The 1932 collection Nothing But Wodehouse and the 1958 collection Selected Stories by P. G. Wodehouse included the story. The story was also featured in the 1960 collection The Most of P. G. Wodehouse, and in the 1983 collection P. G. Wodehouse Short Stories, published by The Folio Society with drawings by George Adamson.

"Jeeves and the Song of Songs" appeared in the 1929 anthology Literary Treasures of 1929, published by Hearst's International Cosmopolitan Magazine. The story was included in the 1940 anthology Bedside Book of Famous British Stories, published by Random House. This anthology was reissued with the title An Anthology of Famous British Stories by Modern Library in 1952. The 1960 anthology Fifty Modern Stories, published by Row, Peterson & Company, featured the story.

==Adaptations ==
An episode of The World of Wooster adapted the story. The episode, titled "Jeeves and the Song of Songs", was the fourth episode of the first series. It was originally broadcast in the UK on 20 June 1965.

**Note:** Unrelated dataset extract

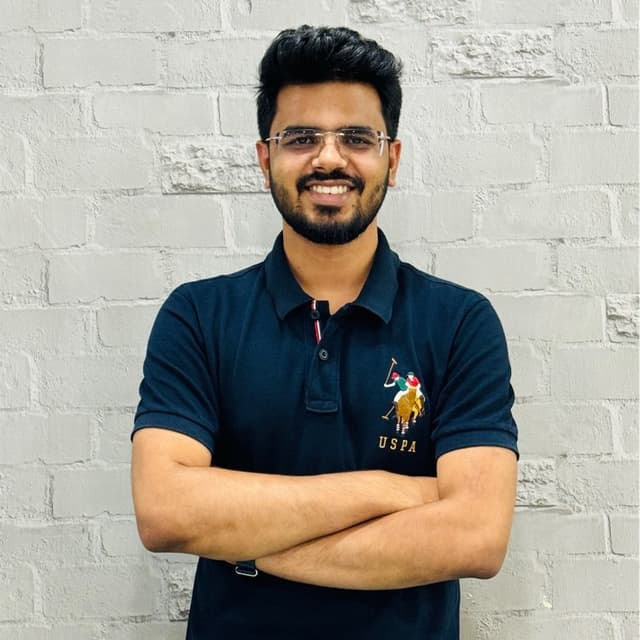 Vikrant Shivalik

This story was adapted into the Jeeves and Wooster episode "Tuppy and the Terrier", the second episode of the first series, which first aired on 29 April 1990. There are some changes in plot, including:
- In the episode, Bertie meets Cora at an opera theatre rather than at lunch in his flat.
- There is no mention of the incident at the Drones Club pool in the episode. Tuppy merely asks Bertie to tell Cora he is serious-minded.
- In the episode, Bertie does not go to a pub to drink before performing at Beefy's entertainment. Bertie is also somewhat less stunned when hearing that Cora is not present at the entertainment; he does not clutch at Jeeves.
- In the original story, Cora brings a doll onto the stage to sing to; she does not do this in the episode.
- Tuppy does not talk to Bertie after the entertainment in the episode. Instead, Bertie hears about his reconciliation with Angela from Aunt Dahlia.